The task calls for the lines below from the line with "Reunited Female Dog" to the line with "macro photo, giant", both ends included, copied exactly, without any pictures.
START Records shown
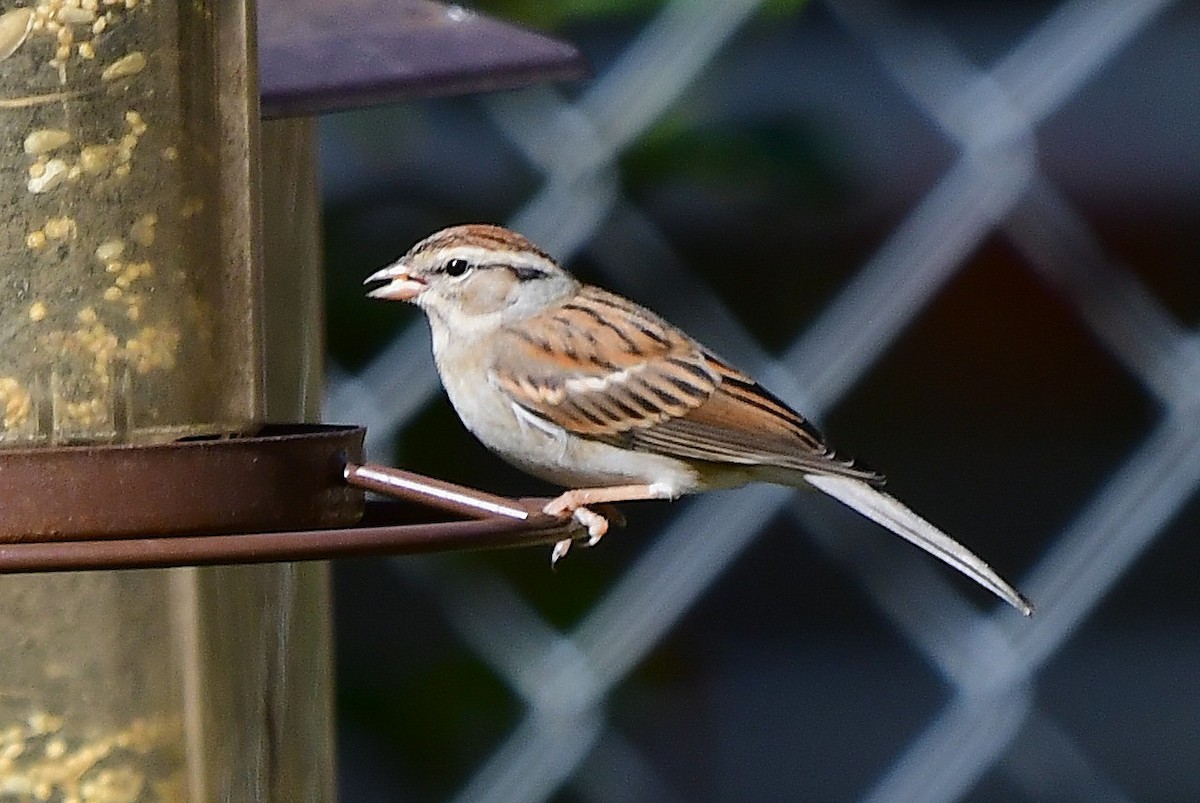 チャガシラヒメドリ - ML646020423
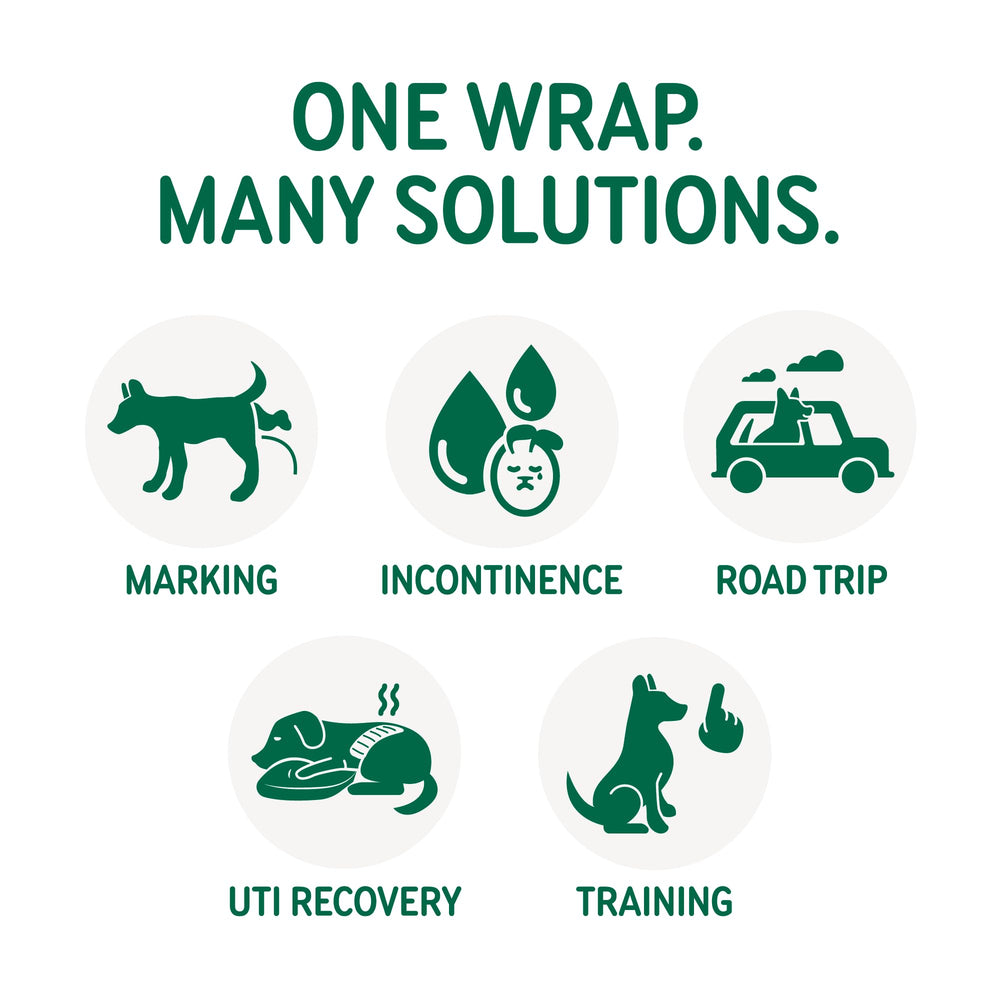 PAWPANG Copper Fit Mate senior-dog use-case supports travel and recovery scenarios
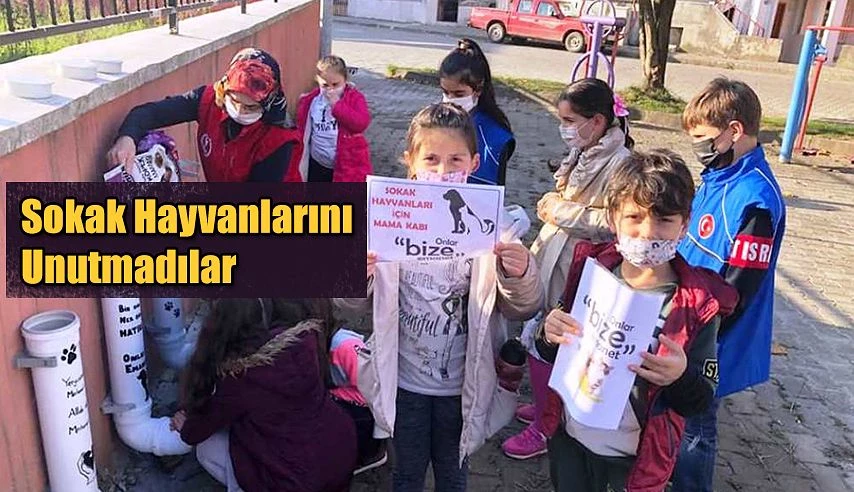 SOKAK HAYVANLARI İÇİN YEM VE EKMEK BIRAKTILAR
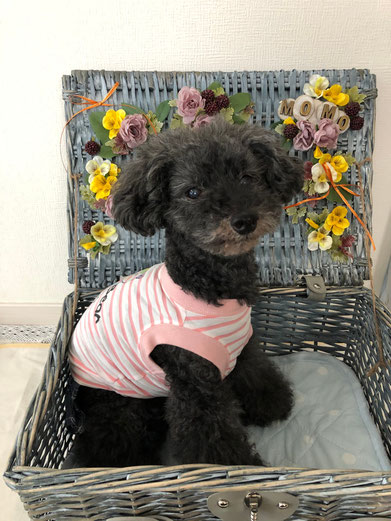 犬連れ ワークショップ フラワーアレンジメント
END Records shown
START Records shown
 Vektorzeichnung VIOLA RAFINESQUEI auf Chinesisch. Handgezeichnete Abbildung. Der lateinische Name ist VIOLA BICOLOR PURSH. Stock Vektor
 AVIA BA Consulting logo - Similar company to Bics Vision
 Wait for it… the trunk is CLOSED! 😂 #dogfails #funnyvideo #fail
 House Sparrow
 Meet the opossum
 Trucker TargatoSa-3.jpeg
END Records shown
START Records shown
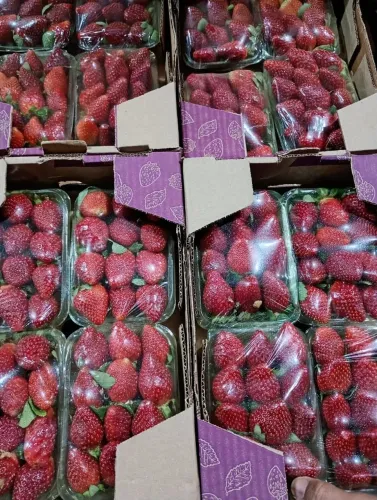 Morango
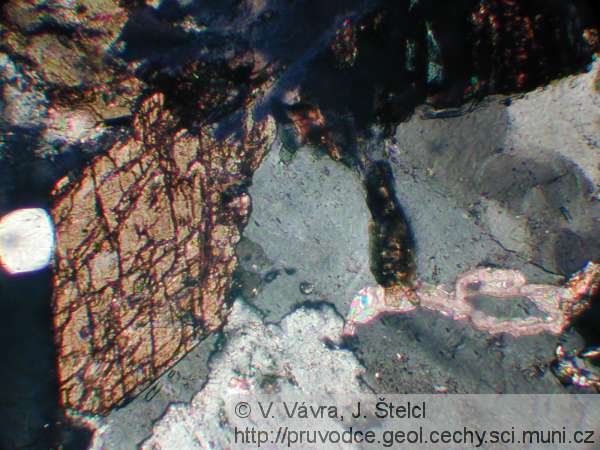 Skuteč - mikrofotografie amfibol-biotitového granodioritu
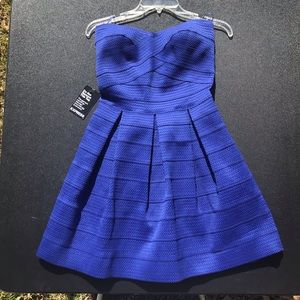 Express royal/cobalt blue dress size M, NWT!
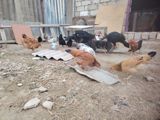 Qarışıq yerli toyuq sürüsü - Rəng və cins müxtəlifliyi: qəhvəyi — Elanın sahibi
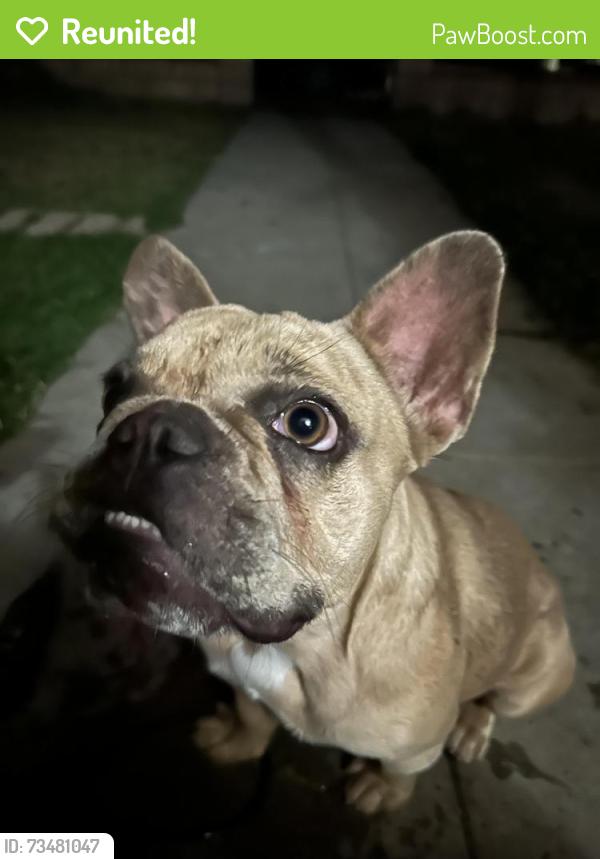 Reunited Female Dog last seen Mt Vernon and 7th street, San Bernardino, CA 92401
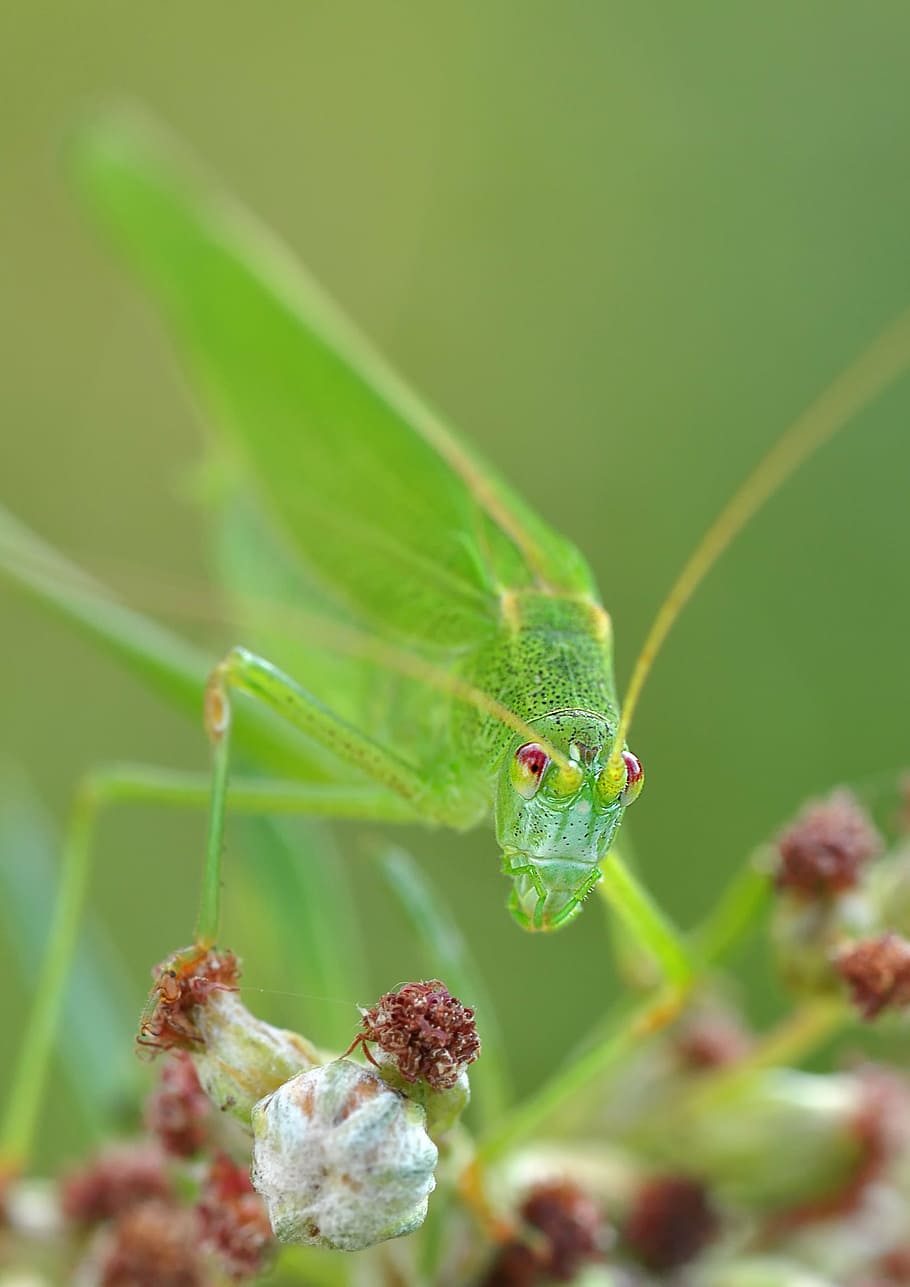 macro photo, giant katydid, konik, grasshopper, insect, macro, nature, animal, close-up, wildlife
END Records shown
■ **Result below**:
 Reunited Female Dog last seen Mt Vernon and 7th street, San Bernardino, CA 92401
 macro photo, giant katydid, konik, grasshopper, insect, macro, nature, animal, close-up, wildlife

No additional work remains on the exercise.